• [Given data]:
----------
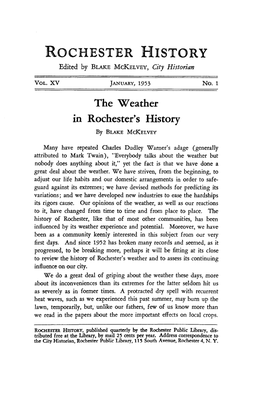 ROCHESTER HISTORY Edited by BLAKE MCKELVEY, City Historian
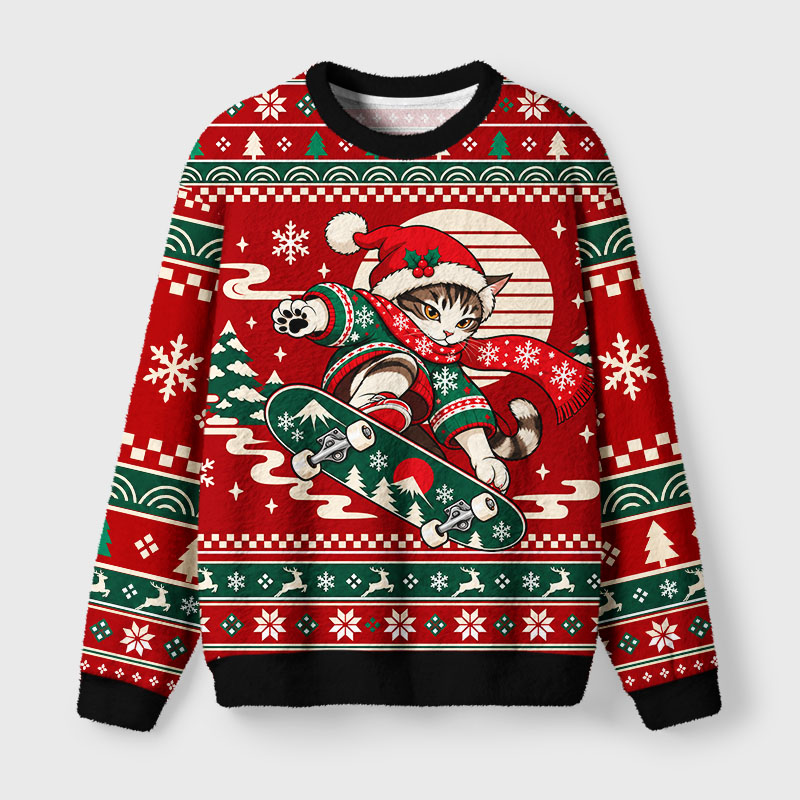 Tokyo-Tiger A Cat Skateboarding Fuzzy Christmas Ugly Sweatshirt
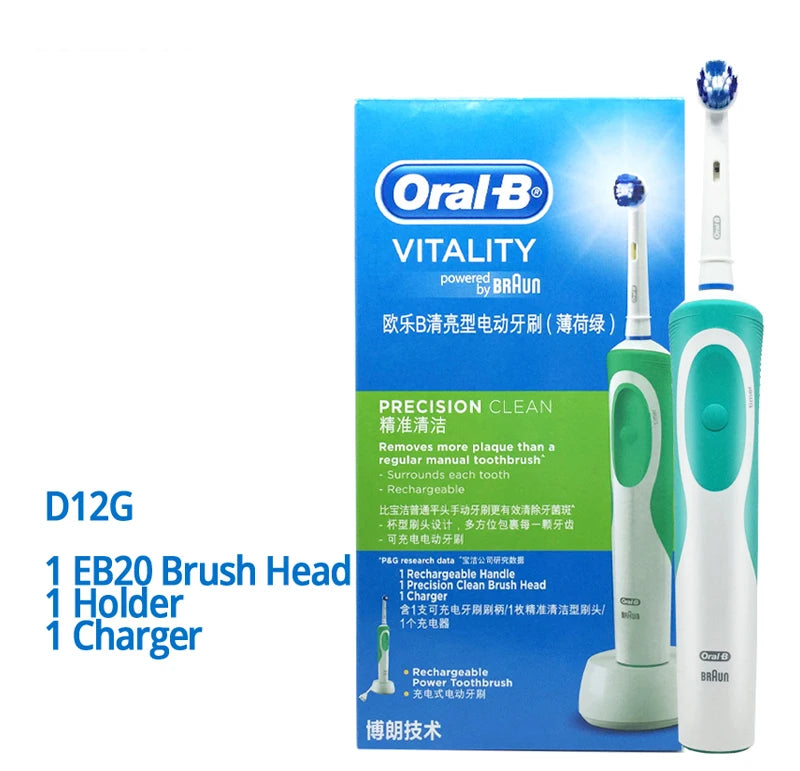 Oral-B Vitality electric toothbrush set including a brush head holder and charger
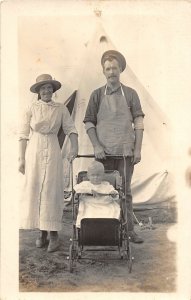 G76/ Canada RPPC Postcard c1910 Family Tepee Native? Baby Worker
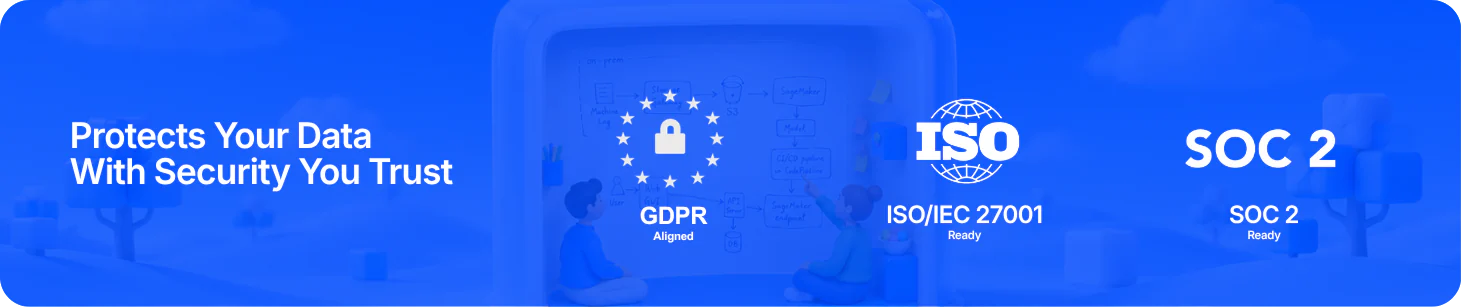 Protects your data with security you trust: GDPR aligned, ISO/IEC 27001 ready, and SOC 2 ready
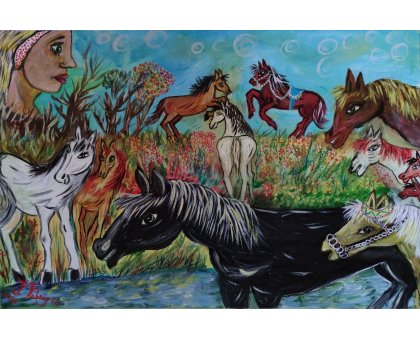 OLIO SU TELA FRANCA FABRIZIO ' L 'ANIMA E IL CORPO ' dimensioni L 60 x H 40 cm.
----------
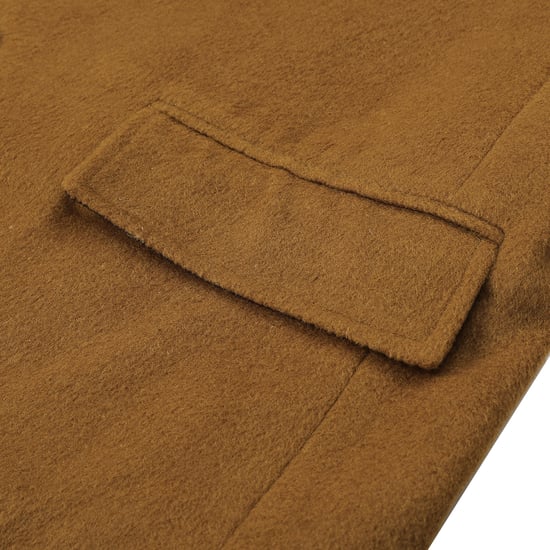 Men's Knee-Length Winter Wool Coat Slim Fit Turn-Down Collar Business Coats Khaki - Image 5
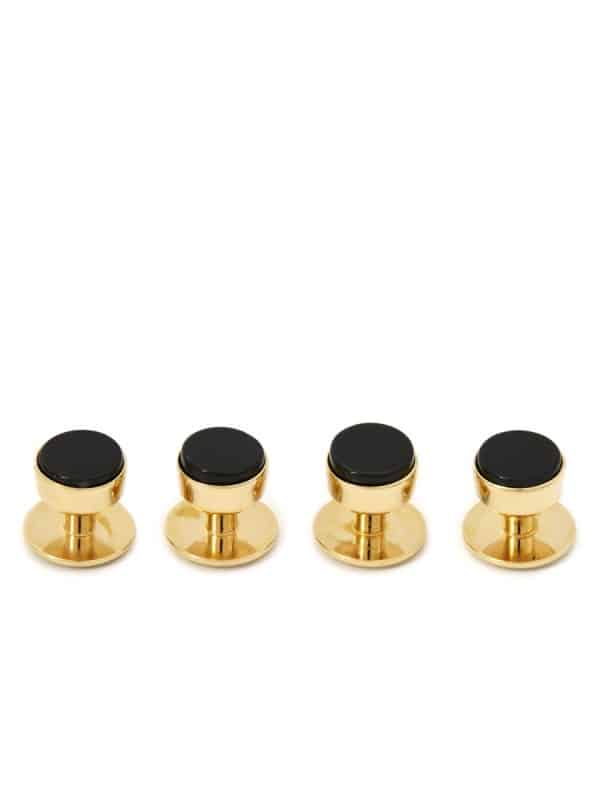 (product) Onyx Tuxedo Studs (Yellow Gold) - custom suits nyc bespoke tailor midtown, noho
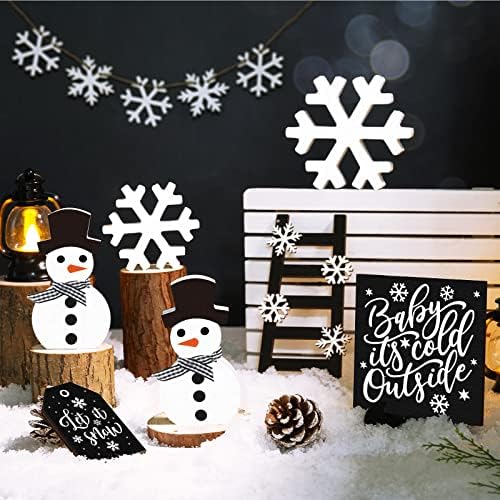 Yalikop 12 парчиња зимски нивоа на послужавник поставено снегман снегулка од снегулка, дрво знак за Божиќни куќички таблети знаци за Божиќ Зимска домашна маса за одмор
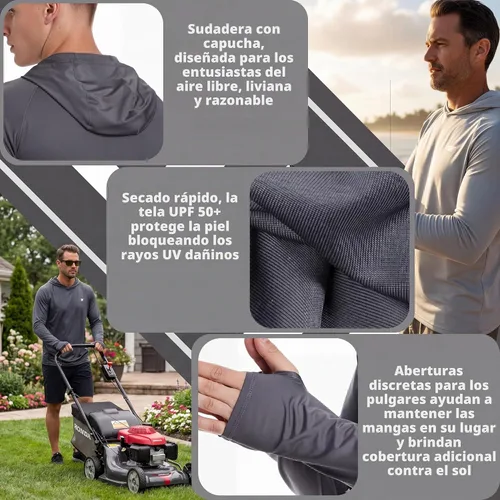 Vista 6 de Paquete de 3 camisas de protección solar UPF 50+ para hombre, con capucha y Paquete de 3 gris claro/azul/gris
----------
• [What to work on]: Leaving out the pictures, please output the lines in the entries above from the one with "Men's Knee-Length Winter" through the one with "Yalikop 12 парчиња", exactly as they are.

• [Reply]:
 Men's Knee-Length Winter Wool Coat Slim Fit Turn-Down Collar Business Coats Khaki - Image 5
 (product) Onyx Tuxedo Studs (Yellow Gold) - custom suits nyc bespoke tailor midtown, noho
 Yalikop 12 парчиња зимски нивоа на послужавник поставено снегман снегулка од снегулка, дрво знак за Божиќни куќички таблети знаци за Божиќ Зимска домашна маса за одмор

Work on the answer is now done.